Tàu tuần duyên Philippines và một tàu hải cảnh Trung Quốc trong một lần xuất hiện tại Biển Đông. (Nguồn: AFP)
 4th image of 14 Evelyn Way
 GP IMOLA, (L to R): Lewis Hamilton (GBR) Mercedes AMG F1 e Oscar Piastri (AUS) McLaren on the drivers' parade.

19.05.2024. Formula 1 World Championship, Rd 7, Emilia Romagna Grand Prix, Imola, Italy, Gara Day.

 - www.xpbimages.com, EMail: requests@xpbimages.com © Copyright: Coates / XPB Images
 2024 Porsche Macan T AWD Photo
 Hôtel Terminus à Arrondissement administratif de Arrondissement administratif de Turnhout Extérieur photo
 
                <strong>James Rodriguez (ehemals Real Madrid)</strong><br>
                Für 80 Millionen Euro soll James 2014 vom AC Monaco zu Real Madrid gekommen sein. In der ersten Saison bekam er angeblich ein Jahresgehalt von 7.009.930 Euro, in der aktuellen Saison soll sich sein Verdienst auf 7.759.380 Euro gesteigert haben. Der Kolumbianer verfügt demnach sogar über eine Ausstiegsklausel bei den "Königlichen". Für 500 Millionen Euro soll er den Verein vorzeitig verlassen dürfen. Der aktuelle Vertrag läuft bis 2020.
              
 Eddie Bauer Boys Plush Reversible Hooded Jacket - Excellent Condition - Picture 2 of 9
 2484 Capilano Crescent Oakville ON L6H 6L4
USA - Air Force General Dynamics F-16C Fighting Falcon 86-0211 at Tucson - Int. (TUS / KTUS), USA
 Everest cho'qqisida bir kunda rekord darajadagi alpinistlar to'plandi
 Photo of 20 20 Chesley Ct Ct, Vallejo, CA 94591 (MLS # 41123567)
§
Exercise objective: Would you copy out all the entries above without changing a single character?

Written response:
Tàu tuần duyên Philippines và một tàu hải cảnh Trung Quốc trong một lần xuất hiện tại Biển Đông. (Nguồn: AFP)
 4th image of 14 Evelyn Way
 GP IMOLA, (L to R): Lewis Hamilton (GBR) Mercedes AMG F1 e Oscar Piastri (AUS) McLaren on the drivers' parade.

19.05.2024. Formula 1 World Championship, Rd 7, Emilia Romagna Grand Prix, Imola, Italy, Gara Day.

 - www.xpbimages.com, EMail: requests@xpbimages.com © Copyright: Coates / XPB Images
 2024 Porsche Macan T AWD Photo
 Hôtel Terminus à Arrondissement administratif de Arrondissement administratif de Turnhout Extérieur photo
 
                <strong>James Rodriguez (ehemals Real Madrid)</strong><br>
                Für 80 Millionen Euro soll James 2014 vom AC Monaco zu Real Madrid gekommen sein. In der ersten Saison bekam er angeblich ein Jahresgehalt von 7.009.930 Euro, in der aktuellen Saison soll sich sein Verdienst auf 7.759.380 Euro gesteigert haben. Der Kolumbianer verfügt demnach sogar über eine Ausstiegsklausel bei den "Königlichen". Für 500 Millionen Euro soll er den Verein vorzeitig verlassen dürfen. Der aktuelle Vertrag läuft bis 2020.
              
 Eddie Bauer Boys Plush Reversible Hooded Jacket - Excellent Condition - Picture 2 of 9
 2484 Capilano Crescent Oakville ON L6H 6L4
USA - Air Force General Dynamics F-16C Fighting Falcon 86-0211 at Tucson - Int. (TUS / KTUS), USA
 Everest cho'qqisida bir kunda rekord darajadagi alpinistlar to'plandi
 Photo of 20 20 Chesley Ct Ct, Vallejo, CA 94591 (MLS # 41123567)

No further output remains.